As for the fall in the dollar, this is an immediate expression of the catastrophic situation of the world’s greatest power. To escape from the collapse of the 1982 recession, American capital was forced to resort to a new headlong flight into debt, and in particular to a fantastic increase in the budget deficit (see graph). Between 1982-85, the latter almost doubled, from $128 billion to $224 billion (and estimates place it no lower than $230 billion in 1986), which is about the equivalent of a year’s GNP for Belgium and Spain together, or of the sum total of the Mexican, Brazilian, and Venezuelan debt! As for its balance of payments - the difference between its exports and imports - the deficit has grown from $34 billion in 1982 to $124 billion in 1985, in other words a 265% increase in three years. We have thus arrived at a point - highly significant of the state of health of world capital - where the world’s greatest economic power has become the world’s most indebted state.

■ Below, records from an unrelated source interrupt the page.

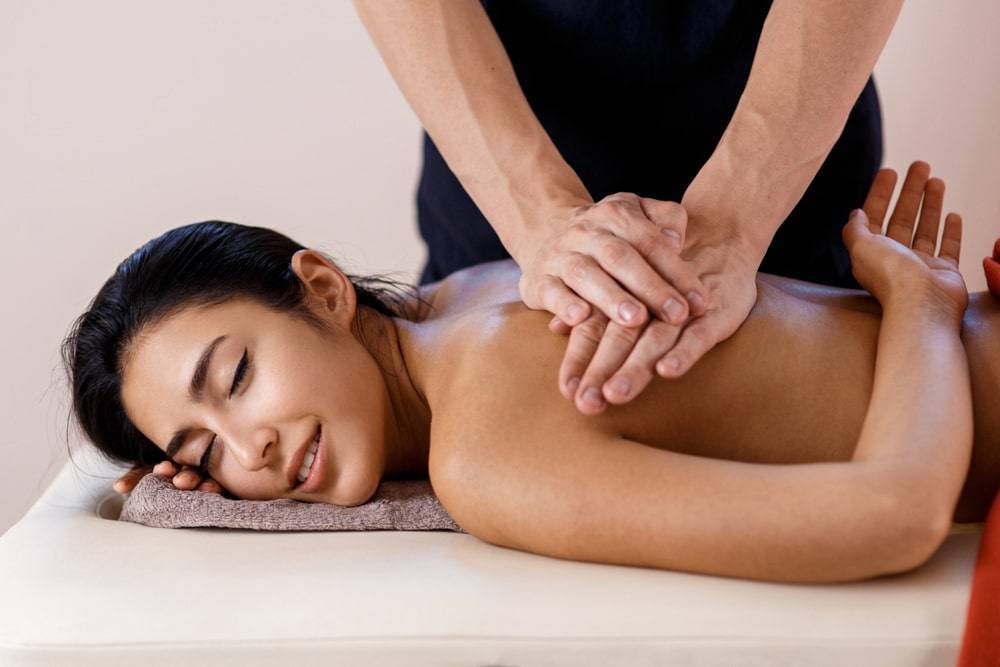 best spa and massage services given to a girl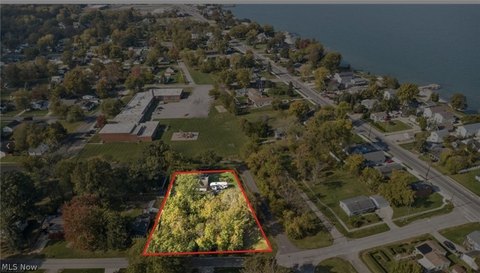 Land, Sheffield Lake, OH
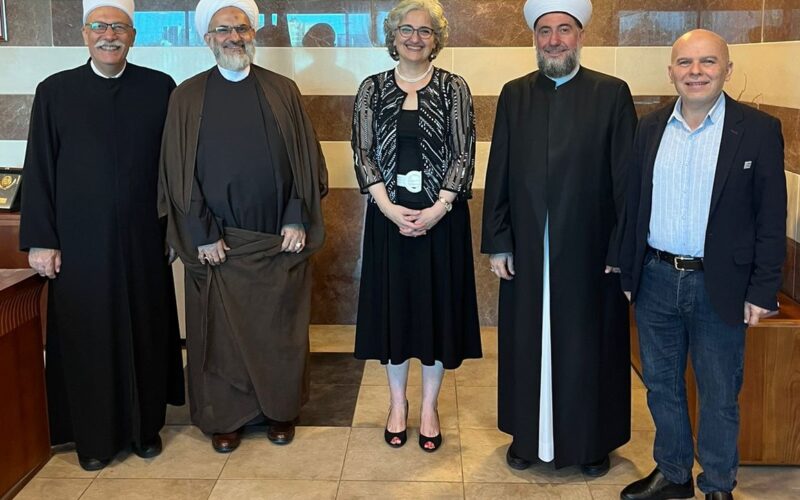 الملتقى اللبناني لصون الأسرة والقِيَم يزور وزيرة التربية الدكتورة ريما كرامي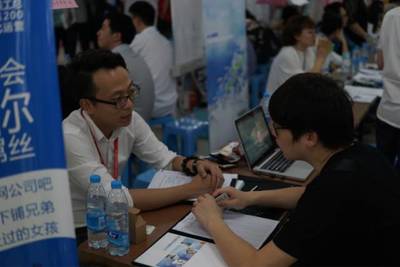 【學(xué)院新聞】周二人才市場(chǎng)之信息、計(jì)算機(jī)學(xué)院專(zhuān)場(chǎng)成功舉行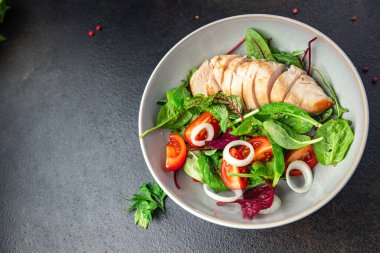 Salata tavuk göğsü sebze domates, soğan, yeşil karışım marul taze yemek aperatifleri fotokopi masasında 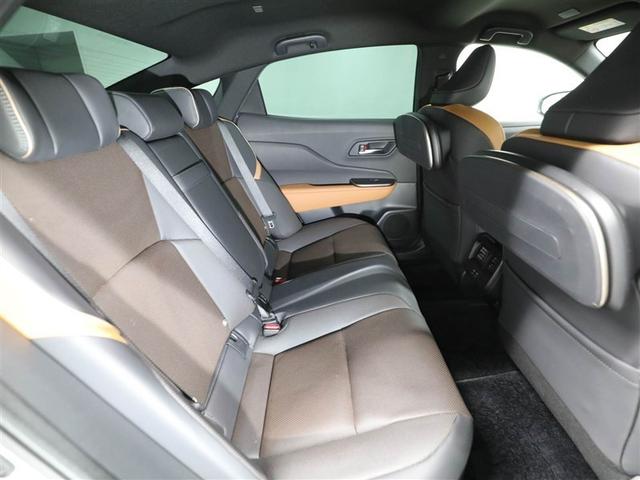 クラウンクロスオーバー ＲＳアドバンスド　１オーナー　衝突回避　オートクルーズコントロール　横滑り防止　フルセグＴＶ　パワーシート　レザーシート　ＬＥＤ　アルミホイール　ＡＣ１００Ｖ　スマートキー　ＡＢＳ　ＴＶ　フルオートエアコン　ＥＴＣ（20枚目）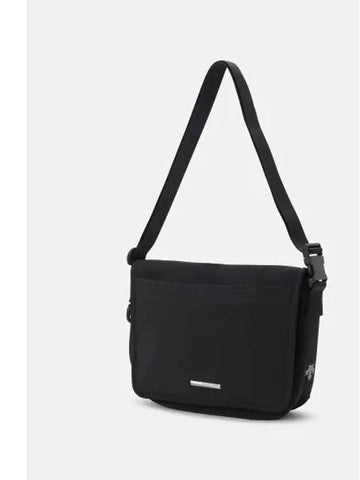 Sports Basic Lightweight Padded Messenger Bag S Black SP323UBG7A - DESCENTE - BALAAN 1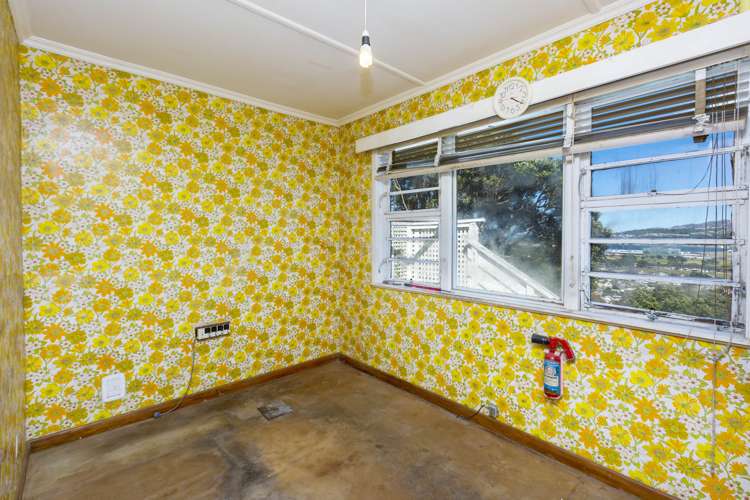 17 Beacon Hill Road Strathmore Park_13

The collapse of the dollar’s exchange rate is a sign of this state of affairs. US capital is obliged to let the exchange rate fall, on the one hand because this is the easiest way of reducing its astronomical debt (owed in dollars), and on the other because it has no other way of improving the competivity of its goods on the world market.
20 years later, the markets problem by the end of the post-war reconstruction in broad daylight, increased ten-fold
But over and above its immediate meaning for the American economy, the fall in the dollar is a sign of the dead-end in which world capitalism has been caught since the end of the ‘60s.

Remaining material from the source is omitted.